Given its 1/4 income is derived from industrial application, and 3/4 incomes from oil related products. I calculate the P/E valuation as follows:

A conservative P/E valuation at steel/iron industry is around 8. (I use [NSS] and [SCHN] as peer group), and P/E valuation for Oil equipment services at 16 ( use BJ Service[BJS] and Halliburton[HAL] as peer group).

That comes to a P/E valuation of 14 (8*0.25 + 16*0.75) for MVK, an apparent value compared to its current price with a forward P/E at 8.

It is not without risk:
1). This year's high rig demands and price are factored into next year's projection, any oil industry supply/demand change may bring significant impact to the net income.

2). At a pace of at least 1 merge per year, Marvick already have a number of merged units under its belt. It is yet to prove that all the M&A issues are addressed.

In summary, this is a transformed oil/service equipment company still valued as a steel/iron product company.

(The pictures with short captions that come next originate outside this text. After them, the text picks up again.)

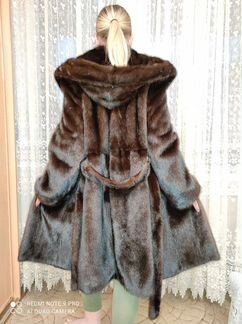 Шуба норковая с капюшоном. Греция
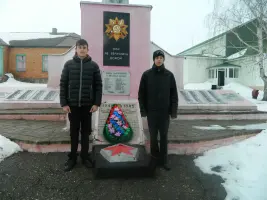 Памятник погибшим воинам, фотография 2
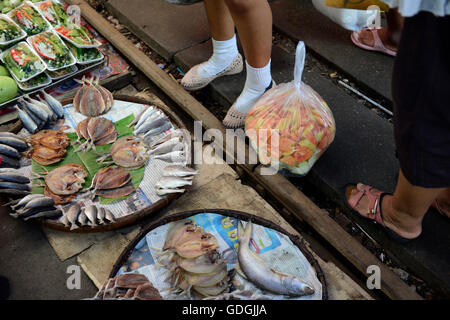 Le chemin de fer à la Markt Maeklong Maeklong gare la plus près de la ville de Bangkok en Thaïlande en Suedostasien. Banque D'Images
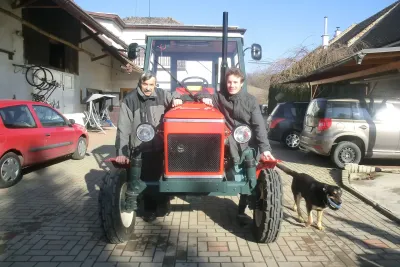 Na renovaci se podílel Jan Vávra a jeho otec.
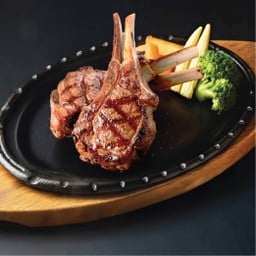 ซี่โครงแกะย่างเตาถ่าน เสิร์ฟพร้อม มินต์ซอส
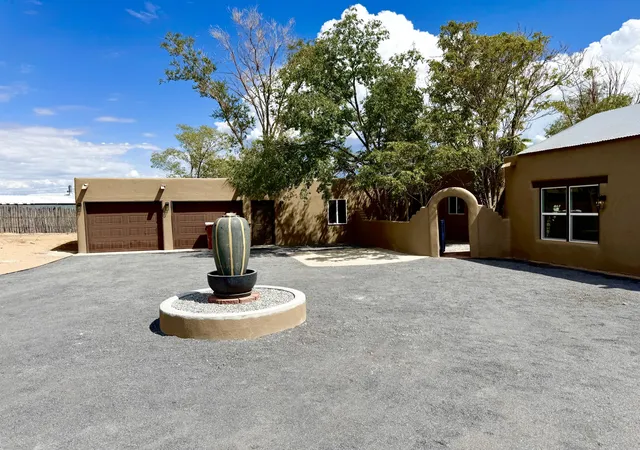 Photo 3 of Sale Pending at 78 El Rey Dr Nw, Corrales, NM 87048 | MLS# 1110683 | Listing updated on 2026-09-27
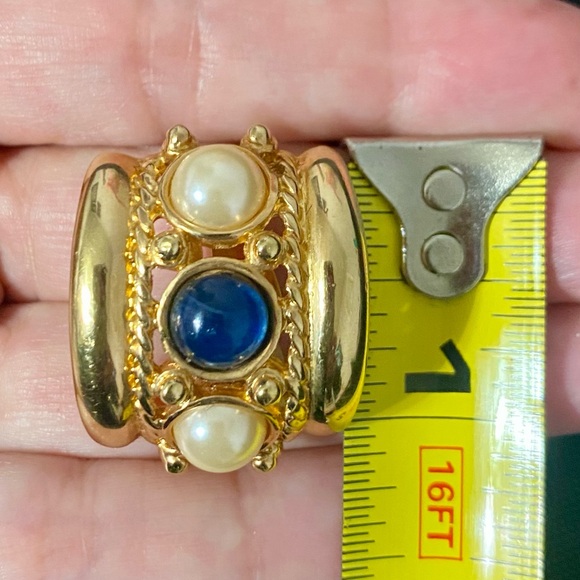 Joan Rivers faux blue and white cabachons clip on earrings - Picture 7 of 8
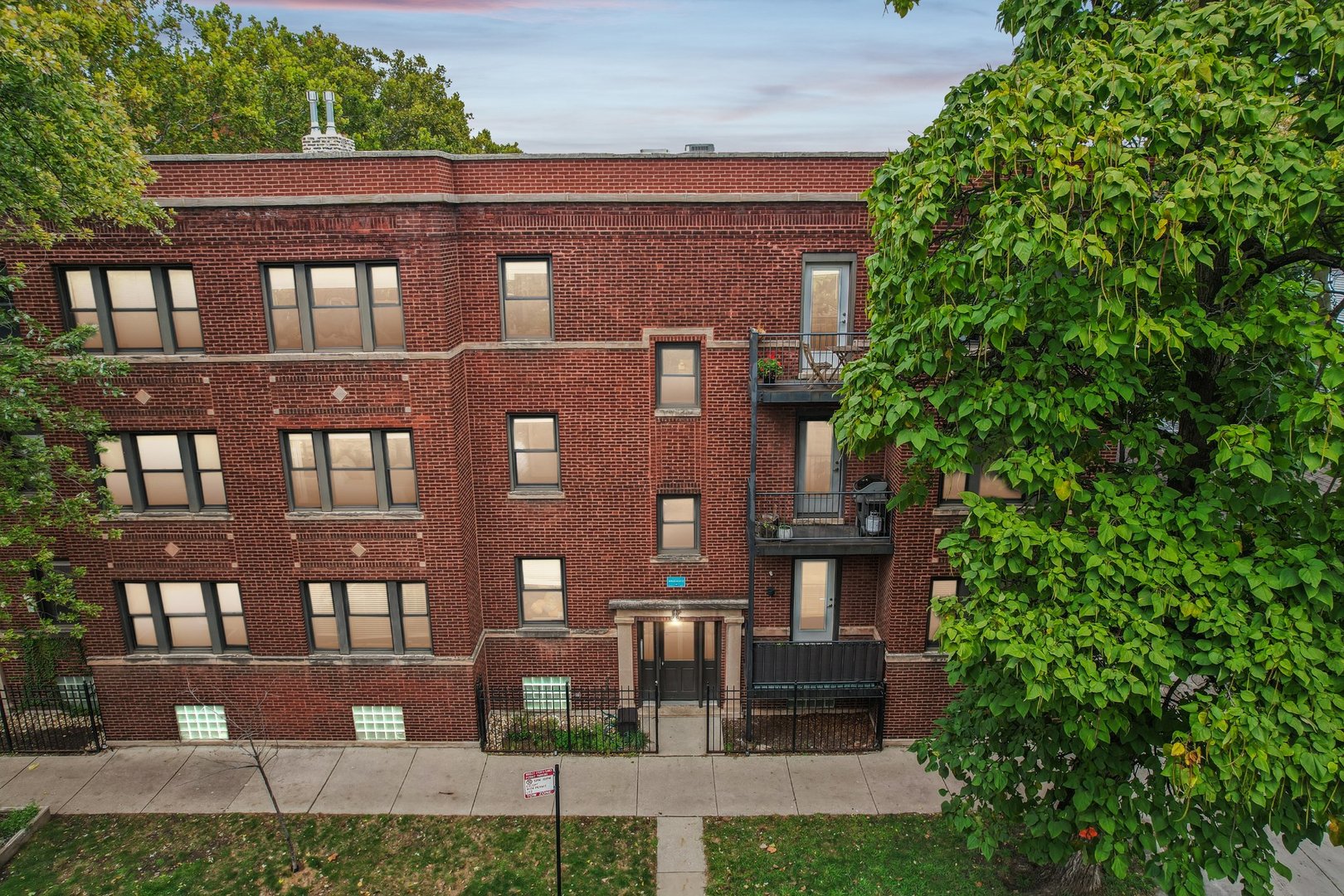 1714 W Grace Street Unit: 2W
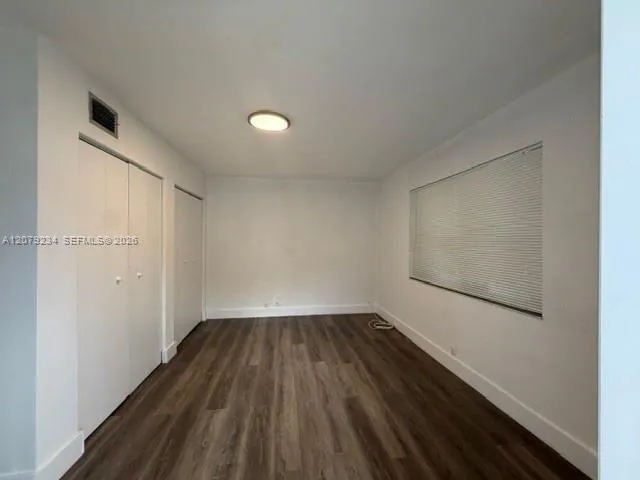 805 NE 134th St #B North Miami, FL 33161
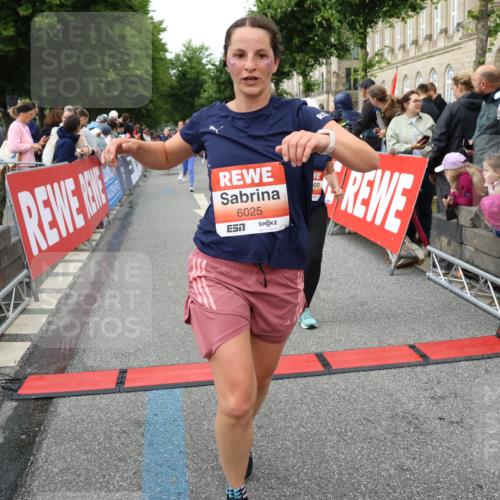14.06.2026 - REWE Women's Run Strokosch-Dieckow http://msf.ph/oto/9766718 14.06.2026 11:01:20 Ziel 5041, 5087, 5262, 5270, 5315, 5326, 5419, 5421, 5455, 5603, 5771, 5948, 5952, 6025 meine-sportfotos.de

I expect its P/E to be adjusted in 2006 up to 11, and at estimated 2006 incoe $6 share, it value the stock at 66, a 30% premium to the current price.

Leopard Strategy - a hybrid of growth and value

More often than not, "value" stock is an aging toothless elephant that can hardly move - large in size, but hollow inside, and lack of the most valuable assets - teeth; on the other side, "growth" stock is fish egg that has huge growth potential, but nature does the justice that very few egg ultimately realizes its dream.

Leopard is the hybrid of growth and value, it has fish egg's agility but not fragile; it has elephant's strength, and moves much fast.

This blog tries to discover and analyze hybrid stocks that have both growth and value characteristics. From time to time, it may introduce good investment resource - Book, website, introduce other investment products - mutual fund, bond, ETF, close-end fund, etc.